(Task goal): Where the records below show a line containing "Initial stage of", start copying; end with the line containing "Figure 1 --Figure 1 -Figure 1", and copy it too.

(Data in this exercise):

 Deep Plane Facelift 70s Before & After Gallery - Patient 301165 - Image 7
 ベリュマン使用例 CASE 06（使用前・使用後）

==

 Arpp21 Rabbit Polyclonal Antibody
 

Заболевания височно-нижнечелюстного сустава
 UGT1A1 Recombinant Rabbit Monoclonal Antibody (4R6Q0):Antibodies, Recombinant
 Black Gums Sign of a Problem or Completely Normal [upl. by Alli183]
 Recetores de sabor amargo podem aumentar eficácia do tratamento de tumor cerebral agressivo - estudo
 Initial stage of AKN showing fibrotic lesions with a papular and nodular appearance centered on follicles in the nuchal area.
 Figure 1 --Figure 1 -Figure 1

(Your response):
 Initial stage of AKN showing fibrotic lesions with a papular and nodular appearance centered on follicles in the nuchal area.
 Figure 1 --Figure 1 -Figure 1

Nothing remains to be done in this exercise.